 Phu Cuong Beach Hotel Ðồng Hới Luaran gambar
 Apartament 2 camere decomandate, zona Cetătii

--

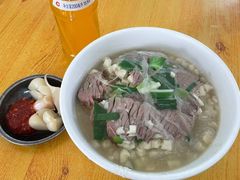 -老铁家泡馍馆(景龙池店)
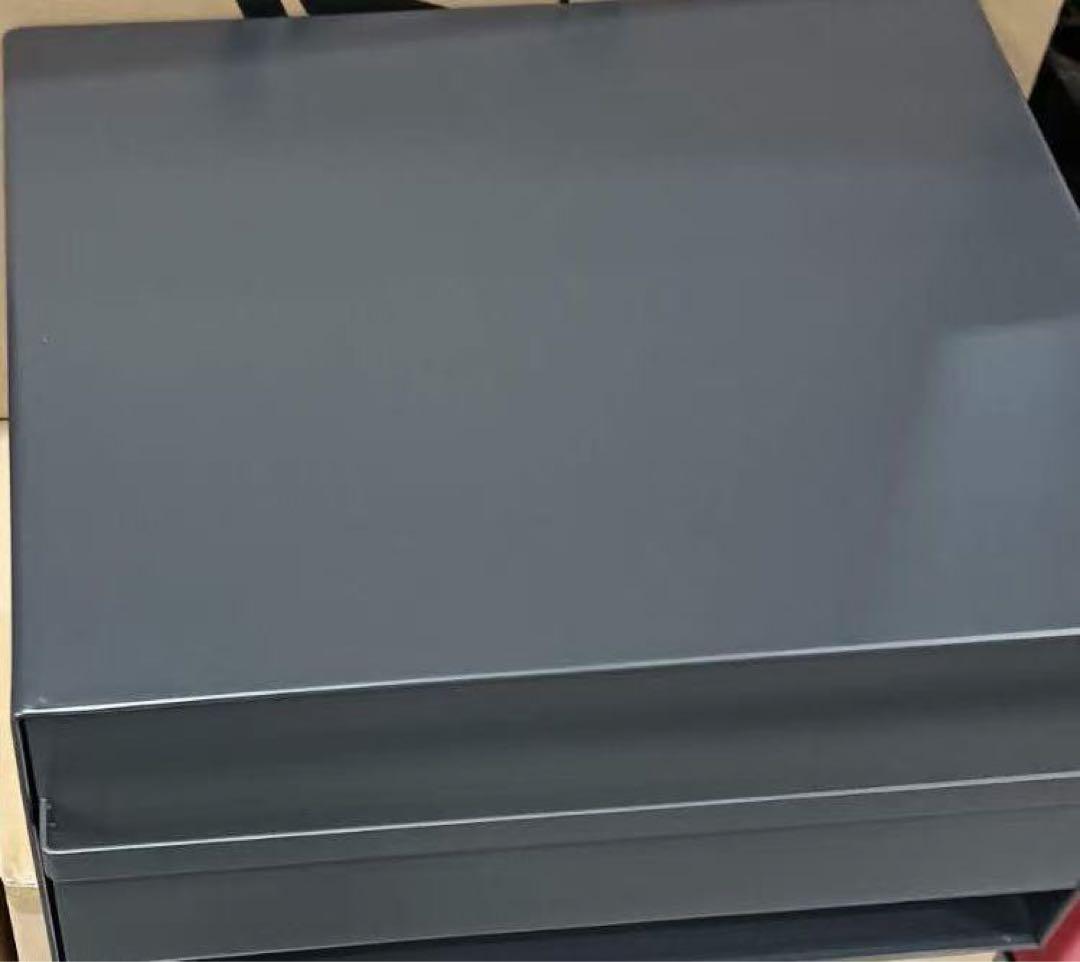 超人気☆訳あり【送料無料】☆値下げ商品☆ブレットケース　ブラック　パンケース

- _Brief_: Drop the pictures; return the lines above from the line containing "-老铁家泡馍馆(景龙池店)" to the line containing "超人気☆訳あり【送料無料】☆値下げ商品☆ブレットケース　ブラック　パンケース", both included, exactly.

- _Exercise output_:
 -老铁家泡馍馆(景龙池店)
 超人気☆訳あり【送料無料】☆値下げ商品☆ブレットケース　ブラック　パンケース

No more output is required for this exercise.